*EXERCISE AIM:* Output all the data exactly. Pictures do not belong in the copy.

━━━ INPUT DATA ━━━

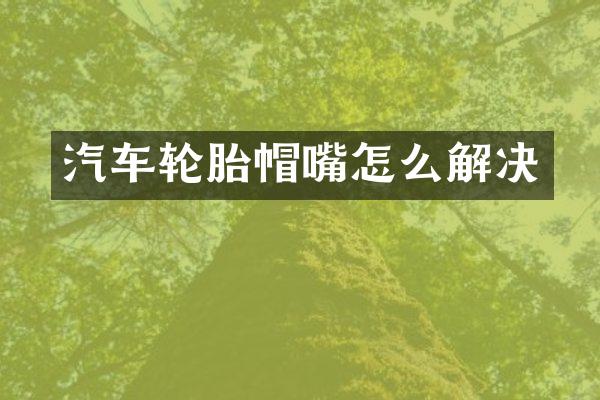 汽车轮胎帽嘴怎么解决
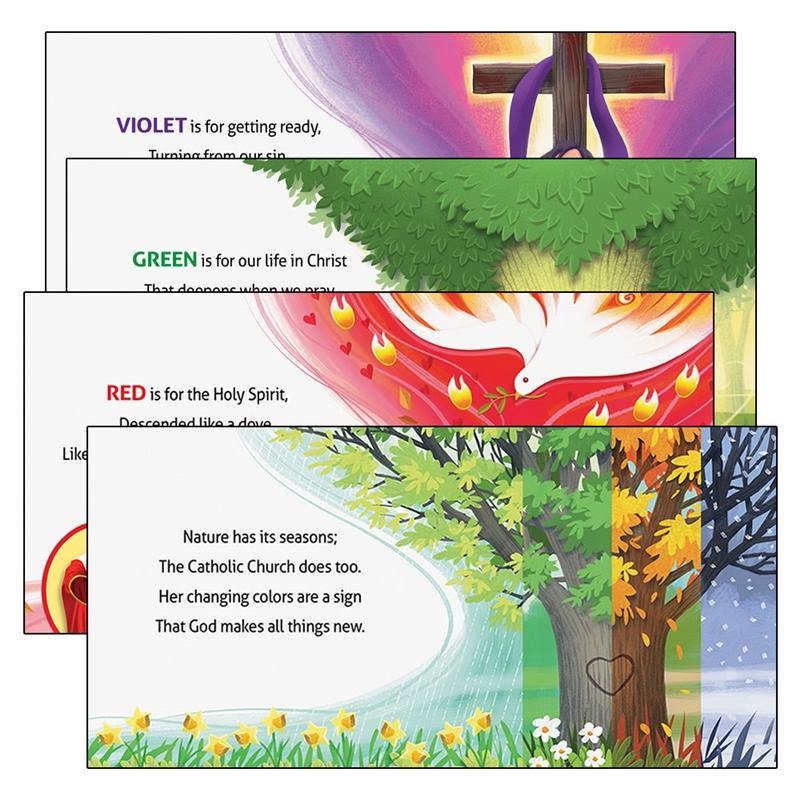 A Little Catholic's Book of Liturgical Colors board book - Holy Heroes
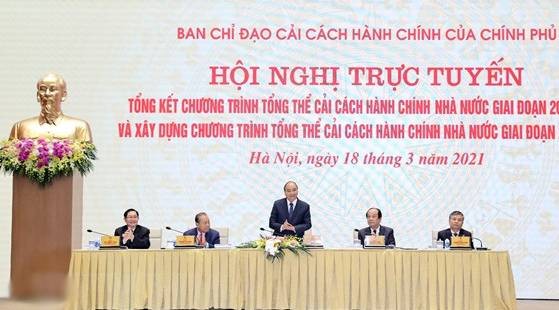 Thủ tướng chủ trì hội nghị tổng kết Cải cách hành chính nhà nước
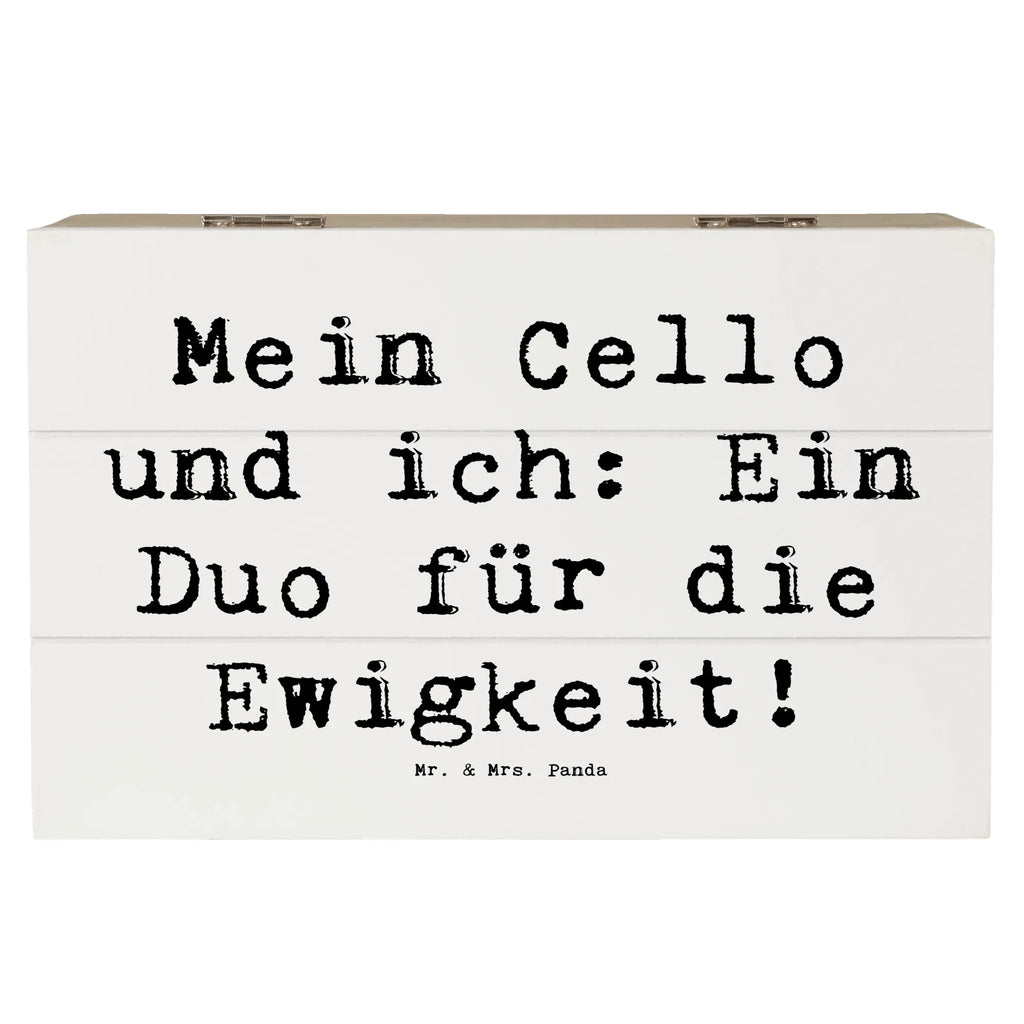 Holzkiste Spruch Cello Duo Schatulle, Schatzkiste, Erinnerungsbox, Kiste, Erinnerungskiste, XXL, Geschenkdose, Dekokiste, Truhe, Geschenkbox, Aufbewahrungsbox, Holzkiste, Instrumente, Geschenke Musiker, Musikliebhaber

━━━

*OUTPUT FOR THIS EXERCISE:*
 汽车轮胎帽嘴怎么解决
 A Little Catholic's Book of Liturgical Colors board book - Holy Heroes
 Thủ tướng chủ trì hội nghị tổng kết Cải cách hành chính nhà nước
 Holzkiste Spruch Cello Duo Schatulle, Schatzkiste, Erinnerungsbox, Kiste, Erinnerungskiste, XXL, Geschenkdose, Dekokiste, Truhe, Geschenkbox, Aufbewahrungsbox, Holzkiste, Instrumente, Geschenke Musiker, Musikliebhaber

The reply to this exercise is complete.